Attempting to both better regulate and reenvision the way nursing homes deliver care, lawmakers in Massachusetts have backed a sweeping long-term care reform bill.

A House bill, which passed 158-0 last week, prods the development of more “small house” nursing homes, promises better infection control responses and launches a pre-authorization pilot designed to thwart delayed coverage of nursing home care.

“The bill before us today includes many transformative policies addressing four key areas of reform,” Rep. Thomas Stanley (D-Waltham) said Nov. 15 in introducing the legislation, which he said was inspired by his own father’s nursing home stay. “Workforce development; accountability, transparency and oversight in long-term care facility operators; enhancing quality of care to residents; and improving access to long-term care.”

It would establish a long-term care workforce and capital fund to support several workforce programs, ones that Stanley said are necessary to address the public’s concern about closures in the state and ongoing backlogs for patients waiting to be admitted.

“Some of the biggest opportunities in the bill are in regard to workforce development,” Elissa Sherman, president of LeadingAge Massachusetts, told McKnight’s Long-Term Care News Monday. “Specifically, the bill would create a long-term care workforce and capital fund, which among other things will be used to provide grants for new CNA training, skills development for career pathways for CNAs, home health aides and homemakers to become LPNs and supervisory and leadership training. The House also adopted an amendment to allow for the use of medication technicians in nursing homes, something that is done safely and successfully in many other states.”
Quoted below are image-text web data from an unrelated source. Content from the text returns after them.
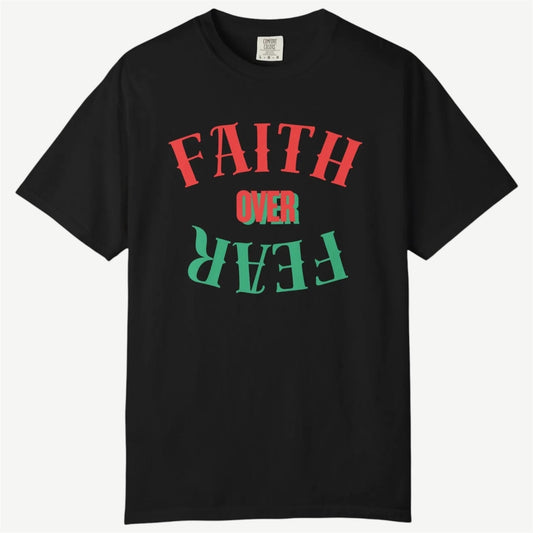 A black short-sleeve crewneck t-shirt featuring a graphic text design on the front that reads 'FAITH OVER FEAR' in red and green stylized lettering, displayed against a light gray background.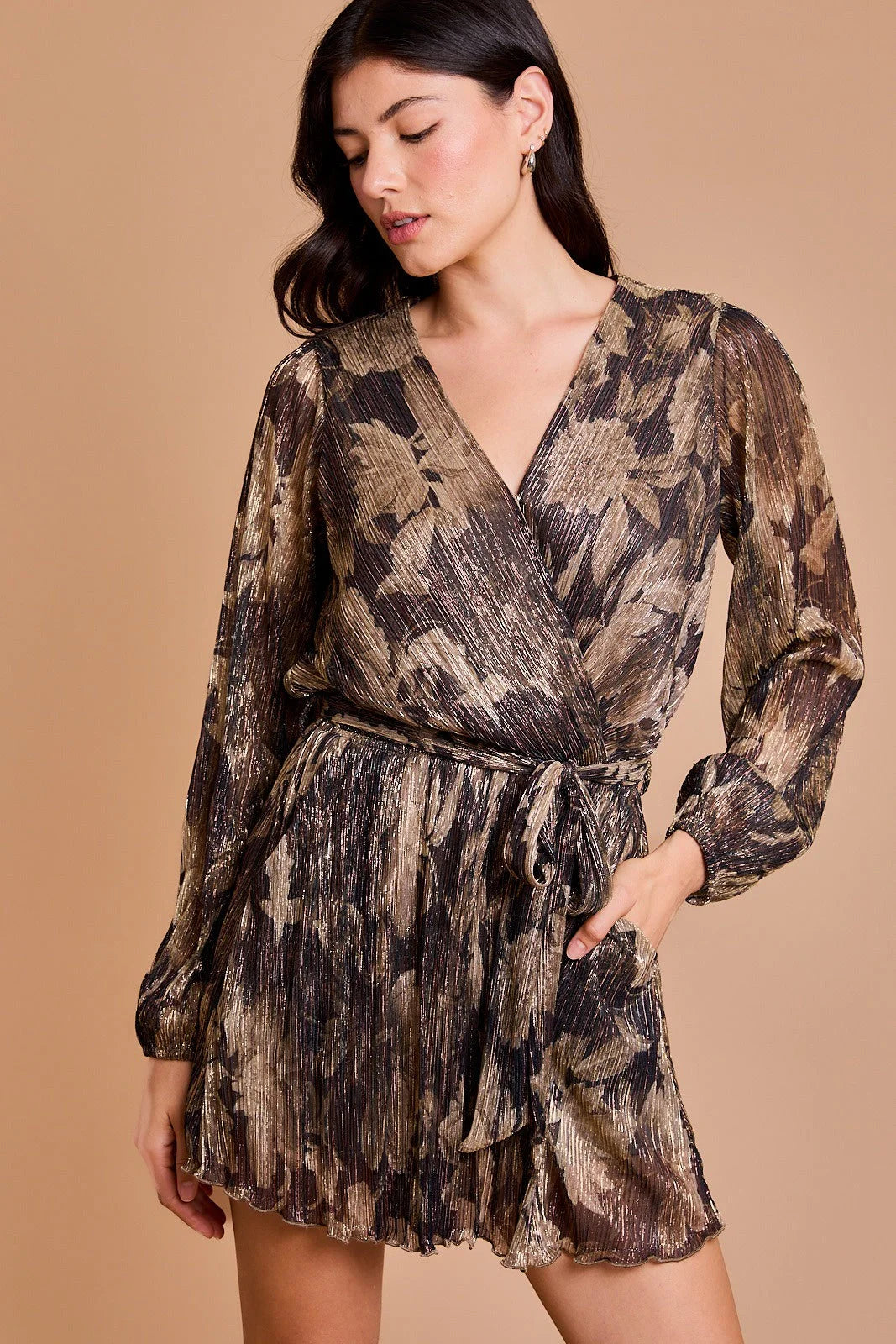 Metallic floral surplice long sleeve waist tie romper with pleated bottom showcased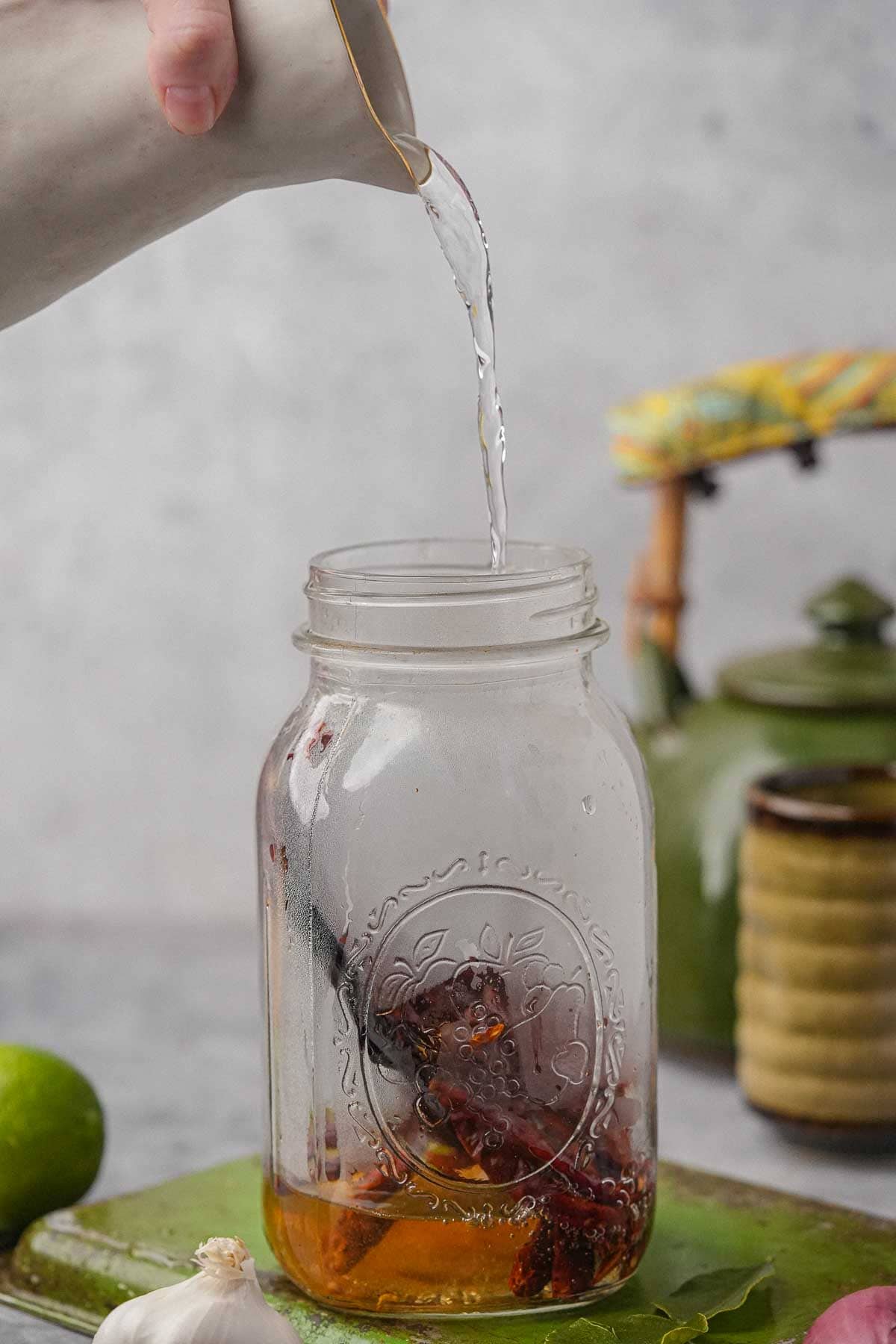 A person pouring a liquid into a mason jar filled with dried chilies.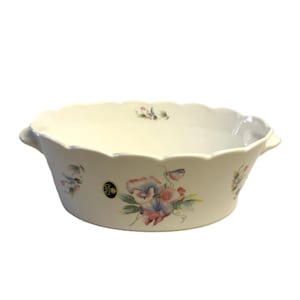 May include: Cream-colored ceramic serving bowl with a scalloped rim and two small handles. The bowl is decorated with a floral pattern in shades of pink, blue, and green. A small emblem is visible on the side of the bowl.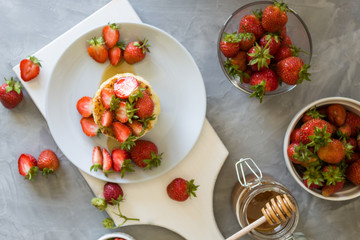 Cottage cheese pancakes syrniki with strawberries and honey. The concept of tasty healthy summer Breakfast. Top view,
And the bill promises to reset the way the state funds its share of long-term care costs; rebasing would take place every two years “to help stabilize reimbursement to nursing homes” and allow increased wages and other costs to be accounted for in the state budget earlier.

But with that added support, Stanley said, the state Department of Public Health would get more tools to monitor, restrict or suspend licenses for cause, or place temporary nursing home managers in the case of dangerous nursing home operations. The bill also would extend a statute of limitations for complaints from two to four years and increase fines.

On the clinical side, the bill proposes new rules for outbreak response plans, requires nursing homes to develop “anti-social isolation” policies and provide new training and education on clinical and leadership topics.

In his remarks, Stanley said the measure also would require state health officials to develop a process to approve small house-style nursing homes, noting their research-backed performance during the pandemic and beyond. Sherman said language in the bill would allow the state to incorporate a rate add-on for new small house nursing homes. 

Lastly, the reforms would tackle prior authorization challenges by requiring development of statewide, routine procedures for referring patients from acute care to post-acute care facilities. 

“Patients are waiting longer than they must when a nursing home bed is available to them,” Stanley said, calling for a taskforce to study the issue of excessively long waits.

The bill launches a two-year pilot program that requires insurance carriers to respond to a prior authorization request for admission to post-acute care facilities by the next business day or to waive prior authorization altogether if a patient can be admitted into a facility over the weekend, according to a summary by the House Speaker’s Office cited by the Boston Herald.

The Legislature is largely in recess through the end of the month, with only informal secession scheduled until January, so the bill’s final fate remains in limbo.